Deux tables dans la salle implorent qu'on s'accoude. La prime a de beaux yeux, deux chandeliers qui boudent, Quand transparente et nue, la seconde s'exhibe.
La première est en chêne, un vieux chêne massif De fleurs aux parfums clairs qui étalent, lascifs, Les souvenirs d'antan que sa consoeur inhibe.
En a-t-elle vraiment ou les déssèche-t-elle, Tel ce bouquet fané qui gîte sans attelle Et qui n'existe pas sur sa peau insensible ?
De désordre, aucun signe, aucun brin de poussière Pour ridiculiser la pose solennelle Du plastique immobile agressant la lumière.
On n'en peut dire autant de sa folle voisine Dont les débris épars par pleines caravelles Déroulent la légende emplissant sa poitrine.
De la danse et des chants ont garni cette table, Scandés par les pieds fins d'une souple gazelle, Bien loin du verre aigri servi au connétable.

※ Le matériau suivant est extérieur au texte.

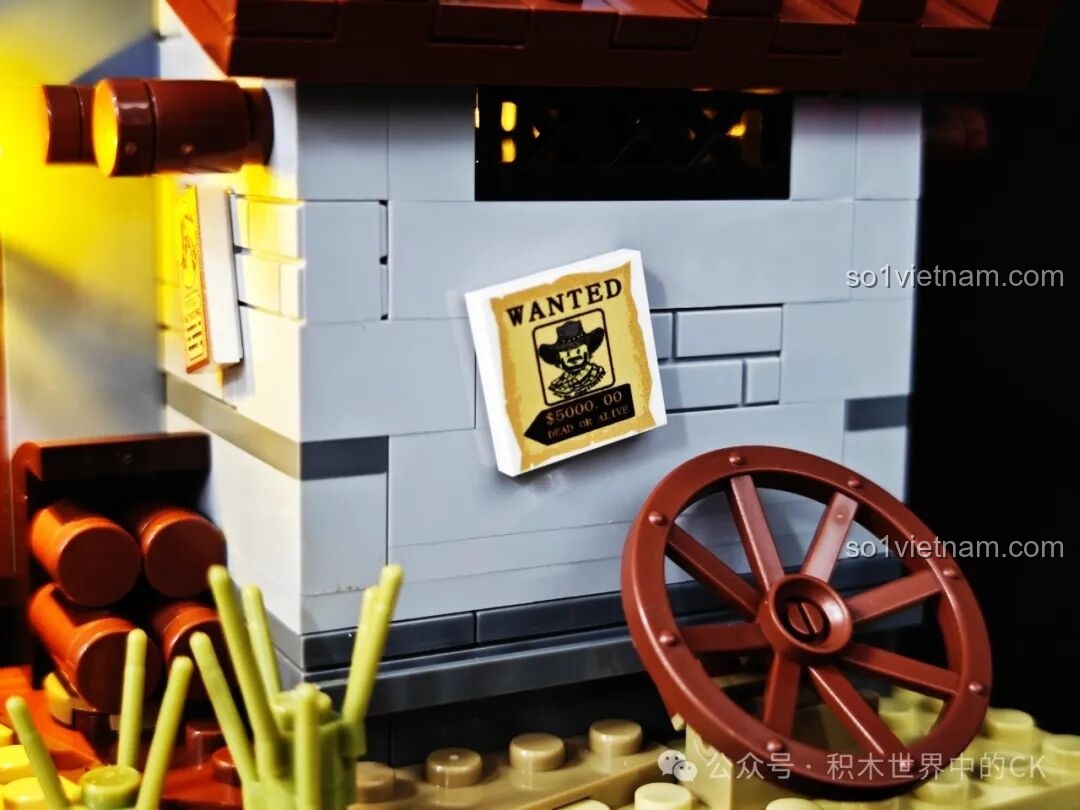 Cận cảnh Wanted Poster và bánh xe gỗ bên ngoài mô hình FunWhole F9026 Văn phòng Cảnh sát trưởng Miền Tây.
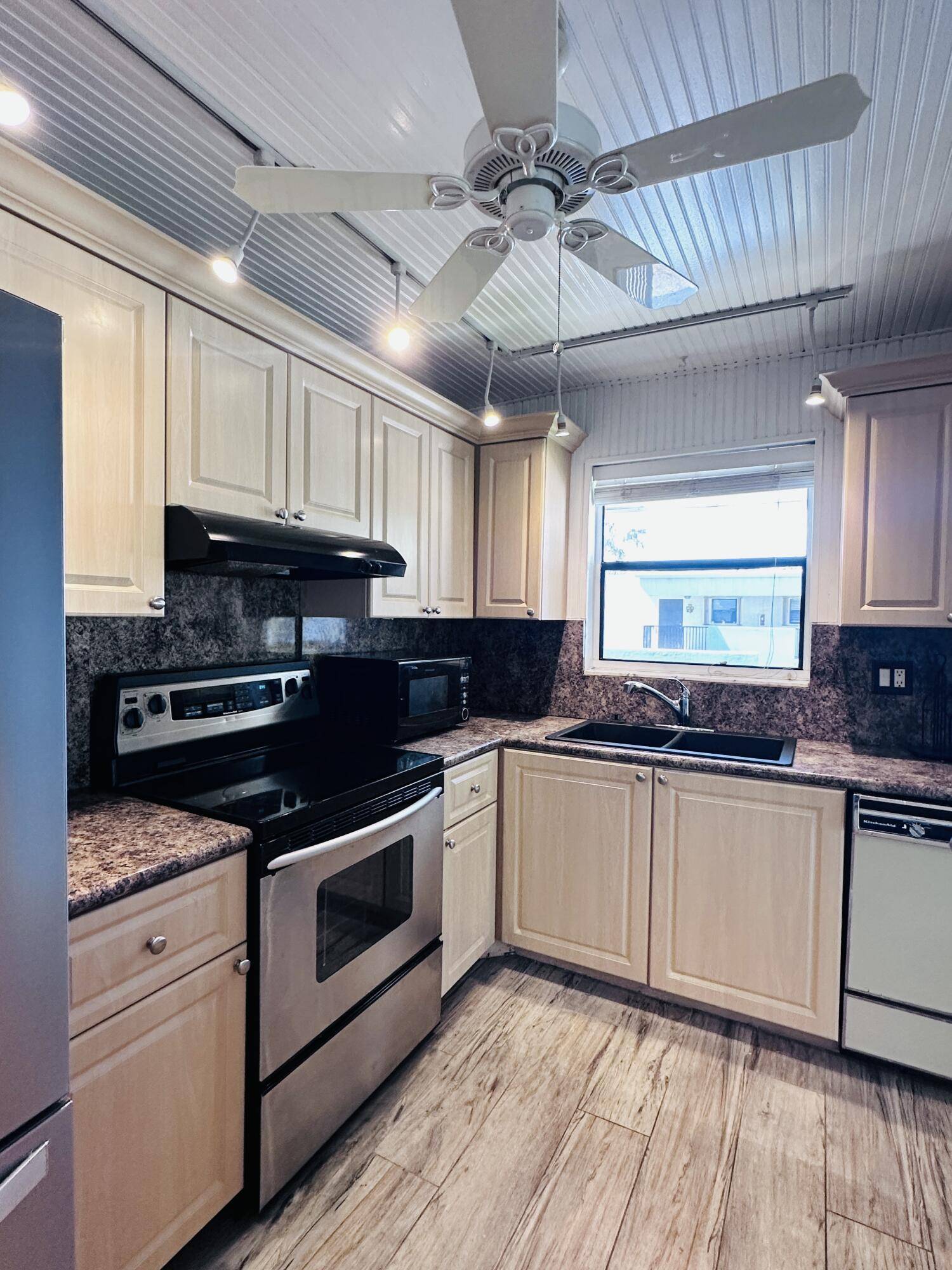 Delray Beach, FL 33444,525 Dotterel RD 34c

Il suffit de souffler pour animer les fables, Qui y colle l'oreille entend son chuchotis Mais lui n'y entend rien, beugle "meuble vieilli".
Oui, lui, ce vil marchand, cet animal d'étable Prétend que de la roue l'âge efface le charme, Le hurle car il croît qu'éventer du vacarme
Le peut rendre crédible ; il me dit "l'autre table A la cote aux égoûts du mauvais goût tendance." Moi d'asséner : "je prends celle des deux qui danse."